Library Preparation for High Throughput DNA Sequencing

Abstract: Order 3 billion base pairs of DNA in the correct order and you get the blueprint of a human, the genome. Before the introduction of massively parallel sequencing a little more than a decade ago it would cost around $10 million to get this blueprint. Since then, sequencing throughput and cost have plummeted and now that figure is around $1000, and large sequencing centres such as the National Genomics Infrastructure in Stockholm is sequencing the equivalent of 25 human genomes per hour.

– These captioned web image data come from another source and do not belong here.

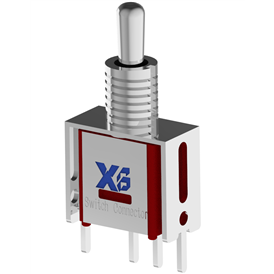 XB - St - 0 - 101 - C02 - n002 - RS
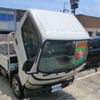 toyota toyoace 2005 CFJ1362521 image 35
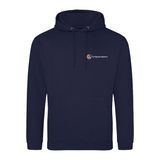 The Matriarch Adventure Hoody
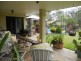 55 Pindari Crescent, Sunshine Acres QLD 4655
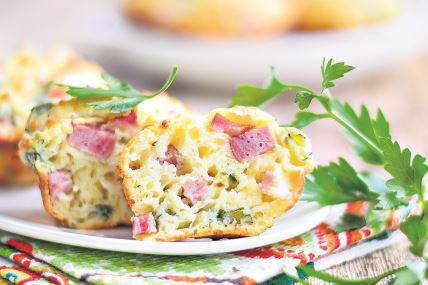 Spanska pita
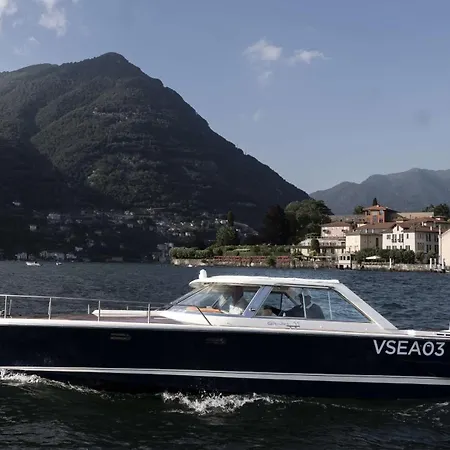 Il Giardino Di Alice Fiumelatte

The papers that form the basis of this thesis cover different aspects of the rapidly expanding DNA sequencing field. Paper I describes a model system that employ massively parallel sequencing to characterize the behaviour of type IIS restriction enzymes. Enzymes are biological macromolecules that catalyse chemical reactions in the cell. All commercially available sequencing systems use enzymes to prepare the nucleic acids before they are loaded on the machine. Thus, intimate knowledge of enzymes is vital not only when designing new sequencing protocols, but also for understanding the limitations of current protocols. Paper II covers the automation of a library preparation protocol for spatially resolved transcriptome sequencing. Automation increases the sample throughput and also minimises the risk of human errors that can introduce technical noise in the data. In paper III, the power of massively parallel sequencing is employed to describe the RNA content of the endometrium at two different time points during the menstrual cycle. Finally, paper IV covers the sequencing of highly degraded nucleic acids from formalin fixed, paraffin embedded samples. These samples often have a rich clinical background, making them extremely valuable for researchers. However, it is challenging to sequence these samples and this study looks at the impact that different preparation kits have on the quality of the sequencing data.